WHAT THIS TASK INVOLVES = Beginning with the line containing "For more information, please" and ending with the line containing "The Samsung Galaxy Z", write out each line of the records below exactly; pictures and lines outside that range are left out.

RECORDS PROVIDED =
"""

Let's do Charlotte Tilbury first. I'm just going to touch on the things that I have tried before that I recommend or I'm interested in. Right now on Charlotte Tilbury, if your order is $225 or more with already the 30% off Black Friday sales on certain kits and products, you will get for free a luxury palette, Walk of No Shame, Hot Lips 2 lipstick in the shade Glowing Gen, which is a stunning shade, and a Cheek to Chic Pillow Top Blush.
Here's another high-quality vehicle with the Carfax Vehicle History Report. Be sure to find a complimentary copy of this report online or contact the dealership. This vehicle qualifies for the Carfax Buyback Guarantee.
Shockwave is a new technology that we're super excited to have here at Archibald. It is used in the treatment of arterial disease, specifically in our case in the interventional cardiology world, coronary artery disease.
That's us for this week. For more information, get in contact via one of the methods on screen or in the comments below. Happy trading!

"""
"""

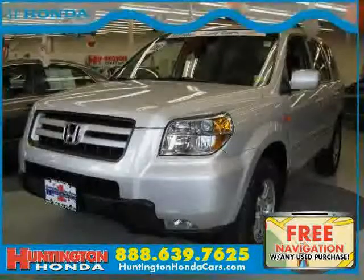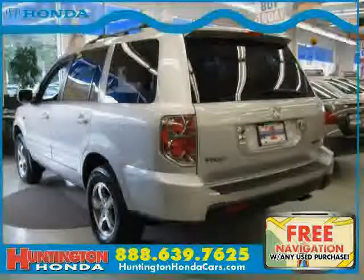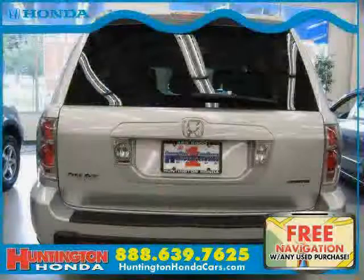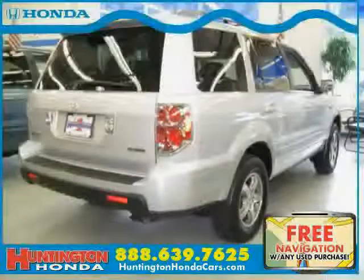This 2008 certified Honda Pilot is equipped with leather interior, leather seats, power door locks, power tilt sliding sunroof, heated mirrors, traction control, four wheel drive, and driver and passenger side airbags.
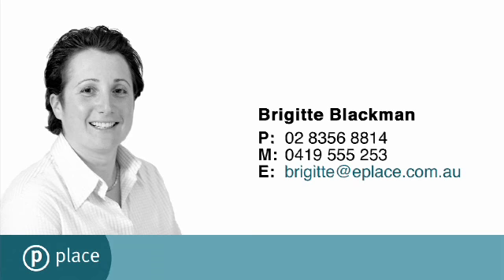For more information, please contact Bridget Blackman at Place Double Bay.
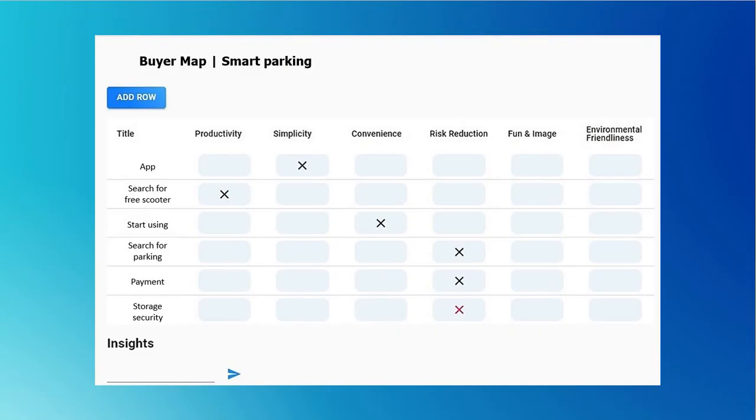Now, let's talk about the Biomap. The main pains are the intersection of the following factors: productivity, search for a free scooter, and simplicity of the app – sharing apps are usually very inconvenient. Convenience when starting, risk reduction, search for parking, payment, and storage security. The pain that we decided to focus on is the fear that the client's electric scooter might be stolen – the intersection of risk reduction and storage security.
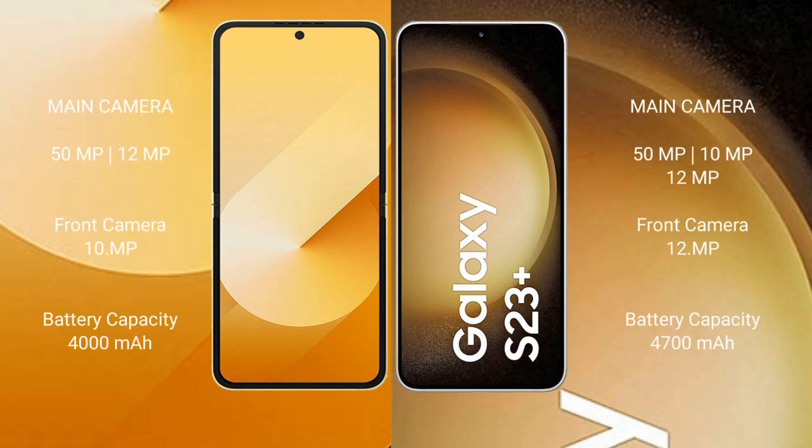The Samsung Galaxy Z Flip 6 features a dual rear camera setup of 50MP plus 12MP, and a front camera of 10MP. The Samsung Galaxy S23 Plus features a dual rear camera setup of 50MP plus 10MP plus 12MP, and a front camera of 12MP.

"""
"""

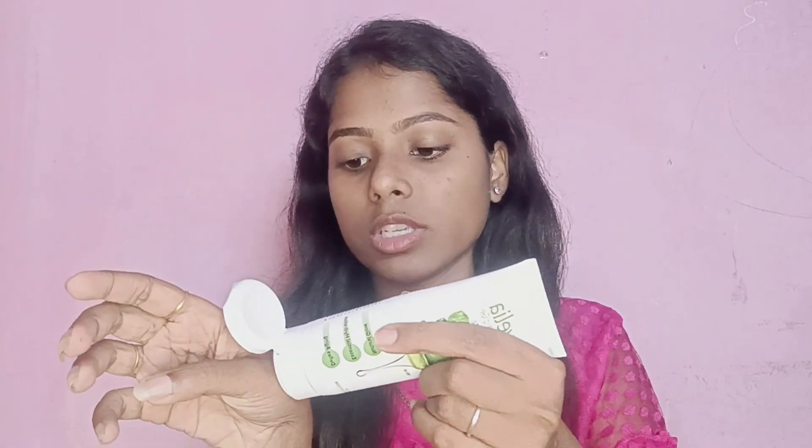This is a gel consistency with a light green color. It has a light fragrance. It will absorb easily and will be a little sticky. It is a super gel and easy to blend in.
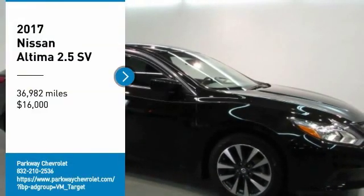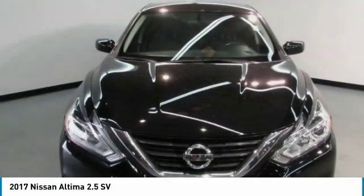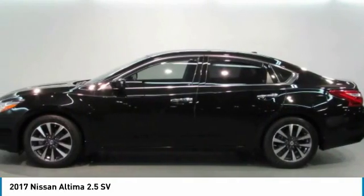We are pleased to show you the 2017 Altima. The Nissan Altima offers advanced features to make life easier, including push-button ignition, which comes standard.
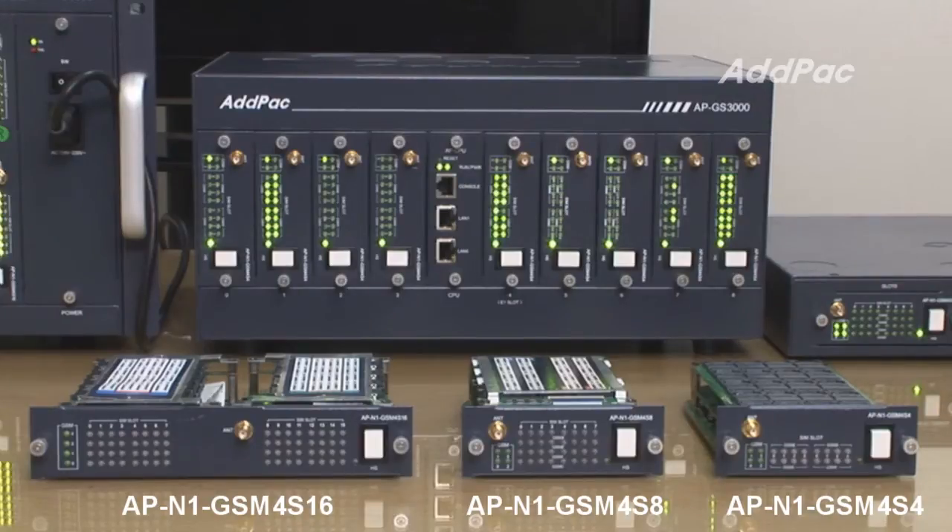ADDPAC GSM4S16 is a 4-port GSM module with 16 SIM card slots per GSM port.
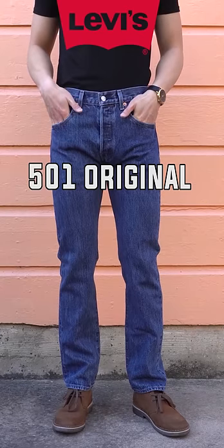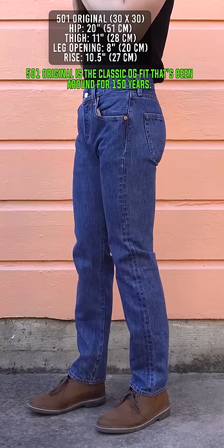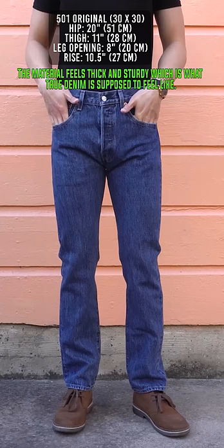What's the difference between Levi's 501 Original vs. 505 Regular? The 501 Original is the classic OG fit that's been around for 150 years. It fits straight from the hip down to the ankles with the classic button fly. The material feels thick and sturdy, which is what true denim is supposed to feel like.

"""

WRITTEN ANSWER =
For more information, please contact Bridget Blackman at Place Double Bay.
Now, let's talk about the Biomap. The main pains are the intersection of the following factors: productivity, search for a free scooter, and simplicity of the app – sharing apps are usually very inconvenient. Convenience when starting, risk reduction, search for parking, payment, and storage security. The pain that we decided to focus on is the fear that the client's electric scooter might be stolen – the intersection of risk reduction and storage security.
The Samsung Galaxy Z Flip 6 features a dual rear camera setup of 50MP plus 12MP, and a front camera of 10MP. The Samsung Galaxy S23 Plus features a dual rear camera setup of 50MP plus 10MP plus 12MP, and a front camera of 12MP.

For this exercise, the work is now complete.